I partiti rinunciano ai finanziamenti Ma soltanto a metà

RomaVia libera al dimezzamento dei rimborsi elettorali. La Camera dei deputati ha approvato con 372 sì, 97 no e 17 astenuti l’articolo 1 del disegno di legge sulla riforma dei partiti, che riguarda il finanziamento di questi ultimi. L’articolo riduce da 182 a 91 milioni l’anno la cifra complessiva dei contributi pubblici per le spese sostenute dai partiti e dai movimenti politici. Il taglio dei finanziamenti avrà effetto immediato sulle casse dei partiti: sarà dimezzata già la rata di rimborsi elettorali 2008 che essi aspettano per luglio.
Un colpo d’ascia netto che - salvo sorprese nel successivo iter della legge - piacerà certamente all’opinione pubblica, ancor più dopo gli scandali che hanno investito la Margherita e la Lega, ma che poteva essere addirittura definitivo. L’aula prima dell’approvazione dell’articolo 1 aveva bocciato due emendamenti presentati dai deputati Giorgio Stracquadanio (Pdl) e Isabella Bertolini (Lega) che andavano nella direzione dell’abolizione totale del finanziamento pubblico. Contro il provvedimento più drastico avevano votato il Pd, l’Udc e gran parte dello stesso Pdl, mentre il Fli si era astenuto e a favore si erano espressi i deputati della Lega, l’Idv, i Radicali e Noi Sud, gli stessi che hanno poi votato no al taglio parziale. Stop anche a un emendamento dell’Idv che prevedeva di destinare l’ultima tranche di finanziamento ai partiti di questa legislatura ai cosiddetti lavoratori esodati. Disco verde, invece, all’emendamento del Pd che prevede l’ulteriore decurtazione del 5 per cento dei finanziamenti ai partiti che non garantiscano un’adeguata rappresentanza di donne in lista. La discussione del ddl continuerà oggi con l’esame degli emendamenti all’articolo 2 che ha come contenuto le misure per il controllo e la trasparenza dei bilanci. Soddisfatti i partiti che sostengono il governo. «Avevamo detto che avremmo dimezzato i rimborsi e ci siamo arrivati. Si comincia a vedere qualche fatto e siamo riusciti in un risultato concreto e vero», gongola il segretario del Pd Pier Luigi Bersani, che ammette: «Certo, per il Pd questo vuol dire anche tagliarci un braccio perché per noi la spesa più grossa è la formazione di duemila giovani per l’iniziativa “Finalmente Sud” che comunque salveremo».

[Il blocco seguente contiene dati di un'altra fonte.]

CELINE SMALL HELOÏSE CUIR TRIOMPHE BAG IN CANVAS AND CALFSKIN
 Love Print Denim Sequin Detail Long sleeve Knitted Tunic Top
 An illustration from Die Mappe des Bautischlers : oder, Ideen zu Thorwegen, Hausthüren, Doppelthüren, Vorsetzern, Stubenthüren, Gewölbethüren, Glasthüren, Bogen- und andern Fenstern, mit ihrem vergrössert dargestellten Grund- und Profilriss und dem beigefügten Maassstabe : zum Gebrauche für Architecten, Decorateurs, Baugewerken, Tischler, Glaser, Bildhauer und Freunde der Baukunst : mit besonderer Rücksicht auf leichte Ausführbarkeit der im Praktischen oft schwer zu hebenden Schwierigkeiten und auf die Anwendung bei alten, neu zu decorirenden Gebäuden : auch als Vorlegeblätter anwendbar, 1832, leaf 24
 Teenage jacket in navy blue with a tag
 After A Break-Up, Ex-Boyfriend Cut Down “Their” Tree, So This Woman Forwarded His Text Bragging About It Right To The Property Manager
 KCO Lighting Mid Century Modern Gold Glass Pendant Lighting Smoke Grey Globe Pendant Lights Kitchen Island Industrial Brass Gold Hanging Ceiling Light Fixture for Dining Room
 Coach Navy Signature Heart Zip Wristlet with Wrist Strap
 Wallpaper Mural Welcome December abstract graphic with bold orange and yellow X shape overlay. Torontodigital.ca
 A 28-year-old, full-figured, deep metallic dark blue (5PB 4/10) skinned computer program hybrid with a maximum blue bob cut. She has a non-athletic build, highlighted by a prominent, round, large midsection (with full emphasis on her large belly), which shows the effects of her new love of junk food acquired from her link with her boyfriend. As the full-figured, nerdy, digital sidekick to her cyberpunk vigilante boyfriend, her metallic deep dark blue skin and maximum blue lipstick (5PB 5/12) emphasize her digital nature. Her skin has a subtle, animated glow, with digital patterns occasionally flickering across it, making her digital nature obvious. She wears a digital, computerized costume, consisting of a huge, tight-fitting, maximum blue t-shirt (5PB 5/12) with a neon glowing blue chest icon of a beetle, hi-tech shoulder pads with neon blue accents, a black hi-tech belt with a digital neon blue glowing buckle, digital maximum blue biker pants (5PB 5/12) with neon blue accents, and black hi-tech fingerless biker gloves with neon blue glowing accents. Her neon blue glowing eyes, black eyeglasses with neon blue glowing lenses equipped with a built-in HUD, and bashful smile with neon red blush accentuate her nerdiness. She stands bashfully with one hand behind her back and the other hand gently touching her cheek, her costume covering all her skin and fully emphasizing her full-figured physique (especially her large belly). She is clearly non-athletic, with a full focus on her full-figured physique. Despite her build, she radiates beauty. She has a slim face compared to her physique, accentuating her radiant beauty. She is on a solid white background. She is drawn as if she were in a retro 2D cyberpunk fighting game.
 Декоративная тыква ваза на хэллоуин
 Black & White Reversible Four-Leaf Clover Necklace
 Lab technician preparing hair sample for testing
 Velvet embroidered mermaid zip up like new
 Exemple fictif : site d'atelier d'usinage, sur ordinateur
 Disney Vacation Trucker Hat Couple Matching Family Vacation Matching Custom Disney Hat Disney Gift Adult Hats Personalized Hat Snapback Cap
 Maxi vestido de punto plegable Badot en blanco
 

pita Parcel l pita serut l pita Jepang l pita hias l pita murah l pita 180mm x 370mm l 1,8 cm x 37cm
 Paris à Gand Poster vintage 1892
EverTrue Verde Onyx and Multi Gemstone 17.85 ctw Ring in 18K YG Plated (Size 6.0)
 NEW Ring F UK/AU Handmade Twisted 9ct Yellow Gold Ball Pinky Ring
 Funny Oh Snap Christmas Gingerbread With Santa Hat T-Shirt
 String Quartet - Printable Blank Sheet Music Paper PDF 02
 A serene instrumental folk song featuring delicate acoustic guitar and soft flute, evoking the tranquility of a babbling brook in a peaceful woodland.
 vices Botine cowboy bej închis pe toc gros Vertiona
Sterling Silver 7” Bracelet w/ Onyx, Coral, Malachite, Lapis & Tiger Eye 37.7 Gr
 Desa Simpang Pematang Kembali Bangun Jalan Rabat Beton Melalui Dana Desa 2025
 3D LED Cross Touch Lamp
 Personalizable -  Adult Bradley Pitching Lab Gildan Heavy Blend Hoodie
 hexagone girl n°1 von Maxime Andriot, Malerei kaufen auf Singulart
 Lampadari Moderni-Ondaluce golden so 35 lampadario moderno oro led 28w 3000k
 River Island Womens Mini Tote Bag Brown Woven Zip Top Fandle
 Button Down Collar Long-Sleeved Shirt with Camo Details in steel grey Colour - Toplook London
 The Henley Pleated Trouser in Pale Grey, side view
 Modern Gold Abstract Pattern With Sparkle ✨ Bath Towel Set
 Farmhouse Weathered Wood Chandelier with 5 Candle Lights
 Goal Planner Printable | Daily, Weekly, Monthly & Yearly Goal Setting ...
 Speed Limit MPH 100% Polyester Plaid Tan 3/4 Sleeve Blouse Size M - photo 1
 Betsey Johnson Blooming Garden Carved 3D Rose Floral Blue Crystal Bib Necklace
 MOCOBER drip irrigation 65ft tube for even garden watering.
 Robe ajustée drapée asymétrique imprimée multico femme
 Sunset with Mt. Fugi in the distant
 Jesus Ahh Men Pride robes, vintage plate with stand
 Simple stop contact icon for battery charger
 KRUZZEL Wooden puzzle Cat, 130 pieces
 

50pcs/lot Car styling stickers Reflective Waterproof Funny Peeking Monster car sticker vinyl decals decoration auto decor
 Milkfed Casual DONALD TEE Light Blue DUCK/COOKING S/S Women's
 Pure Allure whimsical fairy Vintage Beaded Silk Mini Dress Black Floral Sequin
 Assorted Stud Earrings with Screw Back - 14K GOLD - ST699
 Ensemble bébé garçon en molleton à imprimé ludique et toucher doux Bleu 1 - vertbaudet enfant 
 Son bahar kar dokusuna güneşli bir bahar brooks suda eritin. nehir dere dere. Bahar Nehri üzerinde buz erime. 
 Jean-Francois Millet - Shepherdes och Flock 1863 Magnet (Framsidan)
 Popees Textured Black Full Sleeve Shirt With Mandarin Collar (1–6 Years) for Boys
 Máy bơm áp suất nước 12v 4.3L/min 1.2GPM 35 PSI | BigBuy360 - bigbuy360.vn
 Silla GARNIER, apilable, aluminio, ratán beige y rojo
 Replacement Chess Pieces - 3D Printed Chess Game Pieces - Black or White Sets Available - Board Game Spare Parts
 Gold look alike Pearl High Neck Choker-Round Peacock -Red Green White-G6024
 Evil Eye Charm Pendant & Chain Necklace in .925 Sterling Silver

E a proposito di tagli alla politica, il presidente della Camera Gianfranco Fini dopo una lunga riunione con i vicepresidenti e i deputati questori, ha annunciato una «spending review» a Montecitorio, che dovrebbe portare a un risparmio di 150 milioni in tre anni. Il progetto infatti è quello di ridurre del 5 per cento le somme che la Camera chiede allo Stato, pari a 992,8 milioni l’anno: il taglio sarebbe quindi di circa 50 milioni l’anno. «Il risparmio - spiega il deputato questore Antonio Mazzocchi - lo otterremo con interventi sia di riduzione della spesa, sia attingendo dal fondo di solidarietà dei deputati». Ma c’è anche l’ipotesi «di bloccare le curve salariali dei dipendenti, mettendole alla pari di quelle della pubblica amministrazione». I tagli colpiranno anche i servizi per i deputati e i trasferimenti ai gruppi parlamentari, una voce che pesa parecchio sul bilancio interno di Montecitorio che alle voce «spese» ha una cifra che si aggira intorno al miliardo di euro.

Per questo, prima della riunione in calendario il 5 giugno, Fini convocherà un’altra riunione con vicepresidenti, deputati questori e capigruppo: un modo per valutare «gli indirizzi di riduzione della spesa» e per mettere a tacere gli inevitabili mugugni.